◆ **EXERCISE GOAL**: Of the entries below, return exactly those lines that fall between the one containing "Mooie retro stoompan., Ophalen" and the one containing "ALESSANDRA AMBROSIO at", the two end lines included.

++++++++++

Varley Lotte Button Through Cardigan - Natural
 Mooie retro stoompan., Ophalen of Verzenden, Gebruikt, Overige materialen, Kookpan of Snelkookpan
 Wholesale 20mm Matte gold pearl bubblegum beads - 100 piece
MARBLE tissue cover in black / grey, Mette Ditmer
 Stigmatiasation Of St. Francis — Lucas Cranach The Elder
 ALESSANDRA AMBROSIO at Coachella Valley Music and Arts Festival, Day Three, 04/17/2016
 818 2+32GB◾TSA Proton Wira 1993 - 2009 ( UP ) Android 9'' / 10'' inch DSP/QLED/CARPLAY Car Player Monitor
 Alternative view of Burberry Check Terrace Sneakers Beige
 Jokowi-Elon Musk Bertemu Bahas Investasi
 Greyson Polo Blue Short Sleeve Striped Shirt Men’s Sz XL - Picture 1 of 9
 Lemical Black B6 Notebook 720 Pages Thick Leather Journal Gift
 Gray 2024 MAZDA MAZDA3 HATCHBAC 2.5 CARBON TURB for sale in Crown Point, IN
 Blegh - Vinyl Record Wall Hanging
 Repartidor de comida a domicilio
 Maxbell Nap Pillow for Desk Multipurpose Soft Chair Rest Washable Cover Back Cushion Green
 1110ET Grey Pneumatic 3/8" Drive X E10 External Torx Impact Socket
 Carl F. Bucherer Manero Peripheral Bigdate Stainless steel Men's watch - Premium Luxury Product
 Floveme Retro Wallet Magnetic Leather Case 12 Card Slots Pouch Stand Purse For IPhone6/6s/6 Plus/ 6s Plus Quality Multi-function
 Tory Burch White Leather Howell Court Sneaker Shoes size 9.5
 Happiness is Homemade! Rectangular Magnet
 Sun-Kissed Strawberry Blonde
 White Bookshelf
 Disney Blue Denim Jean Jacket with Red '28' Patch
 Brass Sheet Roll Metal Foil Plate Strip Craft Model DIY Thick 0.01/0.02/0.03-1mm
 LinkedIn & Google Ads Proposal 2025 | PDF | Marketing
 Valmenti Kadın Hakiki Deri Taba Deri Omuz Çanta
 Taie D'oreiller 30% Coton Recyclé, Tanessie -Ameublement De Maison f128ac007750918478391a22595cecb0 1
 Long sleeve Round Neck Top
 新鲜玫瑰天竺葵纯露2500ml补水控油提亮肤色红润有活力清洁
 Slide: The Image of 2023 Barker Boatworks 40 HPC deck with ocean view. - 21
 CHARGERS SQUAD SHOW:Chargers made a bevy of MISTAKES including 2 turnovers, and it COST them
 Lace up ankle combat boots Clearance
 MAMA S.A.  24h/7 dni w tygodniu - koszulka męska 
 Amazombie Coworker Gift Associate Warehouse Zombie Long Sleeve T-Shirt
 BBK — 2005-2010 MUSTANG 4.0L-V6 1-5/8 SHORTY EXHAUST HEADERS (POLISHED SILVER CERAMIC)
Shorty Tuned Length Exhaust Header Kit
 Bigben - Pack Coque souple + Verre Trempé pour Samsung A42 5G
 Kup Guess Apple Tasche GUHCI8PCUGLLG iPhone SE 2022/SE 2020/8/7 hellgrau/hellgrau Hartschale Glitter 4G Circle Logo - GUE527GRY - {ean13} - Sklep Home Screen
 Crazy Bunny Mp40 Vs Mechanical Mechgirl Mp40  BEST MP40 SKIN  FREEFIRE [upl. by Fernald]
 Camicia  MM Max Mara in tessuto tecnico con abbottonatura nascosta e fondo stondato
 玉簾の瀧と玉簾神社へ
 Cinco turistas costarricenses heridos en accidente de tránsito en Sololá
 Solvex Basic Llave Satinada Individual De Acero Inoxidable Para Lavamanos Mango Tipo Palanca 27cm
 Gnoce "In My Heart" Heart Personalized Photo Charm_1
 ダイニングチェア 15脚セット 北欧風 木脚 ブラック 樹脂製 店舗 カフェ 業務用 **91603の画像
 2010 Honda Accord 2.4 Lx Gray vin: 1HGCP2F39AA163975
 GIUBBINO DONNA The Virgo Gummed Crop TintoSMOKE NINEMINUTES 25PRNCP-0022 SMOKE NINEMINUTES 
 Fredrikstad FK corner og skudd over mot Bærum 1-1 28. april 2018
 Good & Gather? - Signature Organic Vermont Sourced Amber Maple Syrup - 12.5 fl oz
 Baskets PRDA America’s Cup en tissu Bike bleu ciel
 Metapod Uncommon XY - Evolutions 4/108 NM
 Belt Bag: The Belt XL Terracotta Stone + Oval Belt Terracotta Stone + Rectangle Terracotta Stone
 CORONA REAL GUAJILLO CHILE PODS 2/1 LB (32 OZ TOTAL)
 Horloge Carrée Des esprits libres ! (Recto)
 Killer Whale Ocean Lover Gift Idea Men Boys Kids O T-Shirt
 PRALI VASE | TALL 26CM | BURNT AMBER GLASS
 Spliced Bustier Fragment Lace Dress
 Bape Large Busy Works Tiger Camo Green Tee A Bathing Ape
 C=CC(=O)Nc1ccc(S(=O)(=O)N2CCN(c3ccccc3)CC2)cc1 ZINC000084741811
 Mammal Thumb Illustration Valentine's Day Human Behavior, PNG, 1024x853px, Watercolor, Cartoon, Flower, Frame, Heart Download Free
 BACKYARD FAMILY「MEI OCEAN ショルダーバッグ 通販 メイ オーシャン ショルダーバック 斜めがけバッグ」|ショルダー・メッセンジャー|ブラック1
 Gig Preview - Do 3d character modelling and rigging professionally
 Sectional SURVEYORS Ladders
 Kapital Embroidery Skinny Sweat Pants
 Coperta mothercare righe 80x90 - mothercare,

++++++++++

◆ **THE ANSWER**:
 Mooie retro stoompan., Ophalen of Verzenden, Gebruikt, Overige materialen, Kookpan of Snelkookpan
 Wholesale 20mm Matte gold pearl bubblegum beads - 100 piece
MARBLE tissue cover in black / grey, Mette Ditmer
 Stigmatiasation Of St. Francis — Lucas Cranach The Elder
 ALESSANDRA AMBROSIO at Coachella Valley Music and Arts Festival, Day Three, 04/17/2016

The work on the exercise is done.